==== Source data

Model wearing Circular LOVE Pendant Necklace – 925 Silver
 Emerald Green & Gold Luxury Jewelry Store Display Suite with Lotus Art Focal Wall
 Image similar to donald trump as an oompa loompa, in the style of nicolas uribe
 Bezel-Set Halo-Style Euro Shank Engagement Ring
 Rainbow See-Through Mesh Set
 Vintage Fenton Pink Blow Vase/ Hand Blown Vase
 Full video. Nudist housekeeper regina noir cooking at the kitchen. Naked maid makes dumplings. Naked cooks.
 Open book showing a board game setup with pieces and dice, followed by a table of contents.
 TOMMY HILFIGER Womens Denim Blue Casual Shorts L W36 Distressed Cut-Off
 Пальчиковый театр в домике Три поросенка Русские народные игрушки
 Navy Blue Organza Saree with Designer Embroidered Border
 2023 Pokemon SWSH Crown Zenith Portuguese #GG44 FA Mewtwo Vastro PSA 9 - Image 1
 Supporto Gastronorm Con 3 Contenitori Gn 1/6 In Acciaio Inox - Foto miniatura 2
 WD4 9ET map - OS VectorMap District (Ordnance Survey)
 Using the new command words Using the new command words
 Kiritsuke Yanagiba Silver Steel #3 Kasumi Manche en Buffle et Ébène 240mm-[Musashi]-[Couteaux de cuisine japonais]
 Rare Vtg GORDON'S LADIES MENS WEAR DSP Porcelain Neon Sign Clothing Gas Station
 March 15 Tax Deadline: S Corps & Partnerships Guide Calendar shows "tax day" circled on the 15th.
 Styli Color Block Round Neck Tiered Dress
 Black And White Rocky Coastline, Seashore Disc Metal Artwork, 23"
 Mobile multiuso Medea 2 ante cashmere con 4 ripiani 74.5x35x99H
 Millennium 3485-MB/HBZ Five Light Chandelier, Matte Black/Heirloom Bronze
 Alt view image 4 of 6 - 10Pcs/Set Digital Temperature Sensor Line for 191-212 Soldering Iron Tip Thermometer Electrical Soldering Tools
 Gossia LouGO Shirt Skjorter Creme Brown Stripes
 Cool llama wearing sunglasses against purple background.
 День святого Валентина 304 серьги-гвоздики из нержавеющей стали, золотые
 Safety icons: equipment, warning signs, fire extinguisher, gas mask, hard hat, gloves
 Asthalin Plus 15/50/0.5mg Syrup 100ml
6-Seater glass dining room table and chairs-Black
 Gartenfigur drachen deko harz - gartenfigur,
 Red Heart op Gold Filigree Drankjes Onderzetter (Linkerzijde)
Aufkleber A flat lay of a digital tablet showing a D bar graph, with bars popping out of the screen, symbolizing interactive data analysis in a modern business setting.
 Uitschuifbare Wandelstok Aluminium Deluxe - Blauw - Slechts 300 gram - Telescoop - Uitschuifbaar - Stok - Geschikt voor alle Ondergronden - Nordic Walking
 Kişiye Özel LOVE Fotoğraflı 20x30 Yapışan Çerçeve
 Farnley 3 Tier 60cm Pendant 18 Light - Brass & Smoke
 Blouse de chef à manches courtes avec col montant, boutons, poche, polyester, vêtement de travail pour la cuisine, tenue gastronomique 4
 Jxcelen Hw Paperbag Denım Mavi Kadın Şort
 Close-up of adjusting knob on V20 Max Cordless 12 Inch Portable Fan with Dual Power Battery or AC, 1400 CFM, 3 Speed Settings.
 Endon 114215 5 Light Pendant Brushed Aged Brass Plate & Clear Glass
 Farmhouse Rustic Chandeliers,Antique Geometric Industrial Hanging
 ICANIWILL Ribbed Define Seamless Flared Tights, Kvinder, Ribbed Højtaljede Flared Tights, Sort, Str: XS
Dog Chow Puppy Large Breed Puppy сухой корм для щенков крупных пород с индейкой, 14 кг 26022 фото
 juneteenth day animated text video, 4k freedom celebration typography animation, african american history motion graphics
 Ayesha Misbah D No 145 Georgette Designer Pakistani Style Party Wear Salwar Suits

========

◆ Prompt: When a line in the data contains "wearing", return it as written.

◆ Response to this task:
Model wearing Circular LOVE Pendant Necklace – 925 Silver
 Cool llama wearing sunglasses against purple background.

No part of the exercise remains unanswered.